* What you are asked to do
I need the records below restated word for word, without their pictures.

Data excerpts

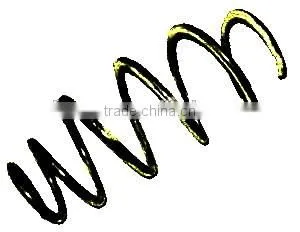 AUTO SUSPENSION SPRING FRONT 13265240 USE FOR CAR PARTS OF CHEVROLET CRUZE 2009'~ thumbnail-1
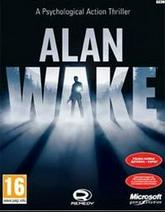 Alan Wake pobierz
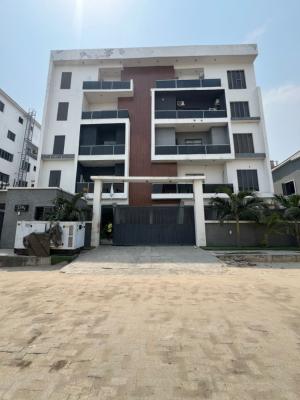 Fully Furnished 3 Bedroom Masonite, Ikate, Lekki, Ikate, Lekki, Lagos, Flat / Apartment for Rent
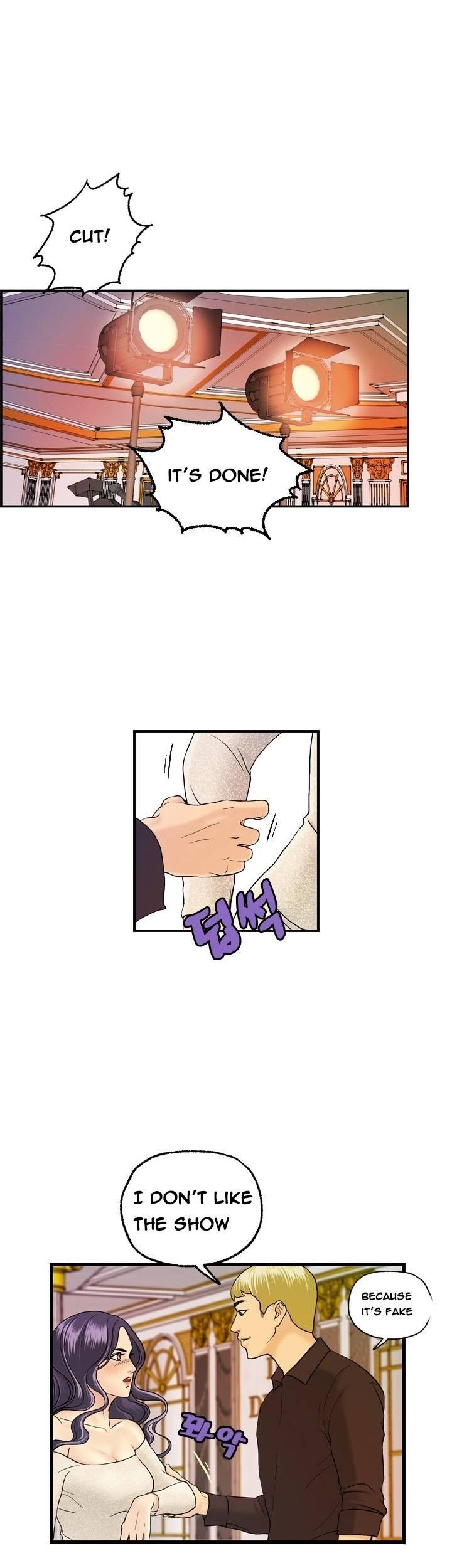 Guest House Chapter 9 page 16 - Chapter 9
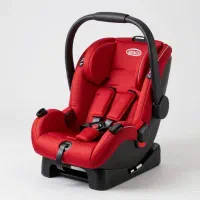کالسکه و کریر و صندلی ماشین و تخت پارک Graco
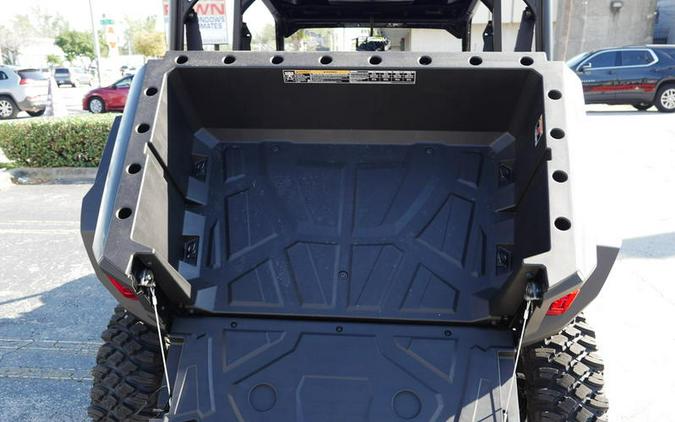 2026 Polaris® General XP 4 1000 Premium
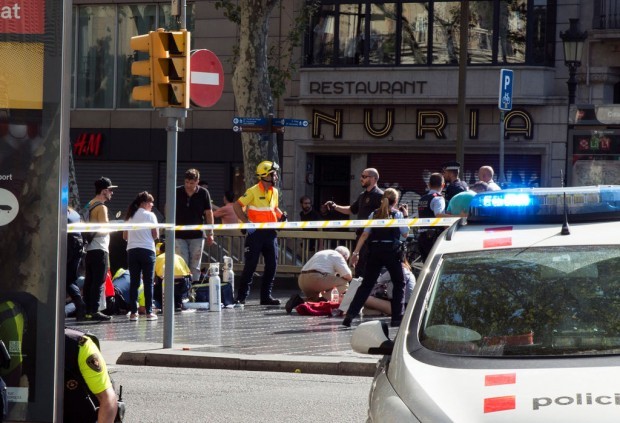 Attentat von Barcelona rückt Immigration wieder in den Mittelpunkt
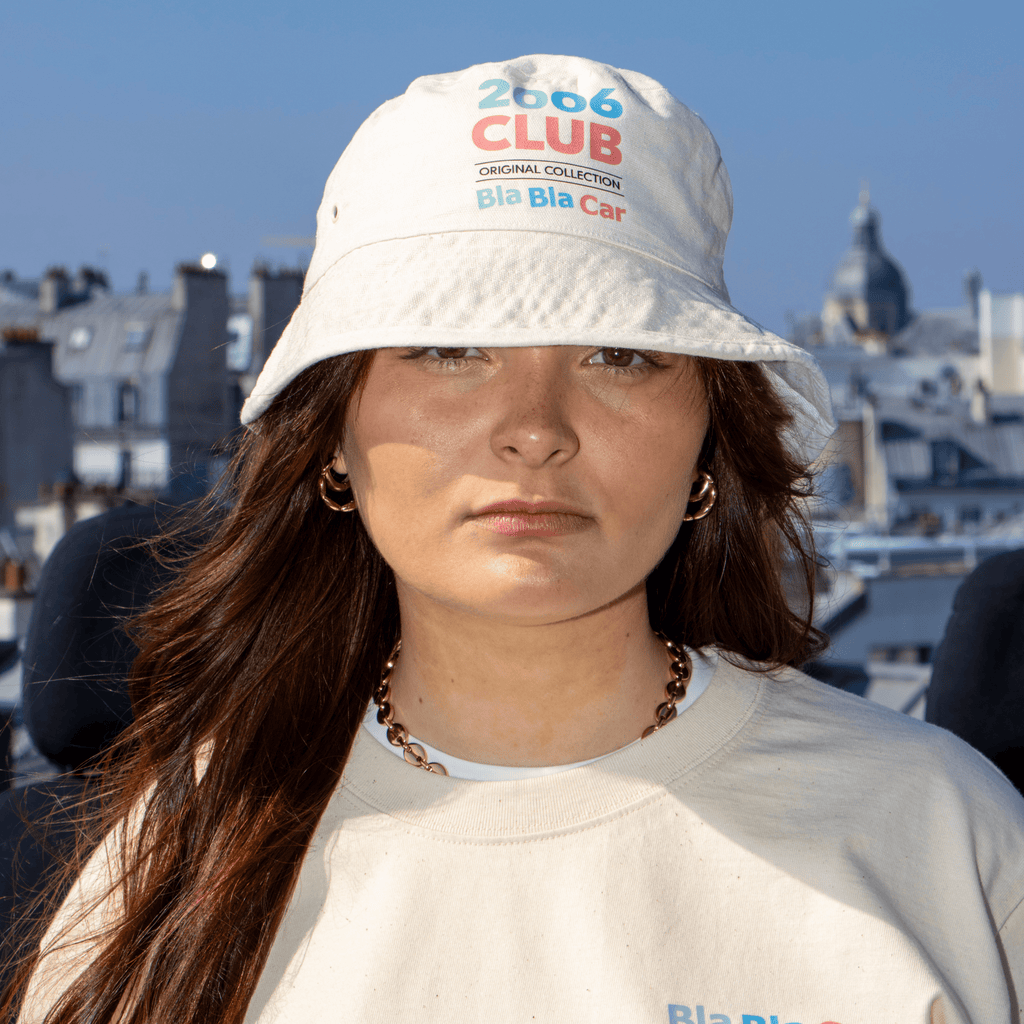 Le Bucket Hat Original Edition | 2006 & BlaBla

* Task output
 AUTO SUSPENSION SPRING FRONT 13265240 USE FOR CAR PARTS OF CHEVROLET CRUZE 2009'~ thumbnail-1
 Alan Wake pobierz
 Fully Furnished 3 Bedroom Masonite, Ikate, Lekki, Ikate, Lekki, Lagos, Flat / Apartment for Rent
 Guest House Chapter 9 page 16 - Chapter 9
کالسکه و کریر و صندلی ماشین و تخت پارک Graco
 2026 Polaris® General XP 4 1000 Premium
 Attentat von Barcelona rückt Immigration wieder in den Mittelpunkt
 Le Bucket Hat Original Edition | 2006 & BlaBla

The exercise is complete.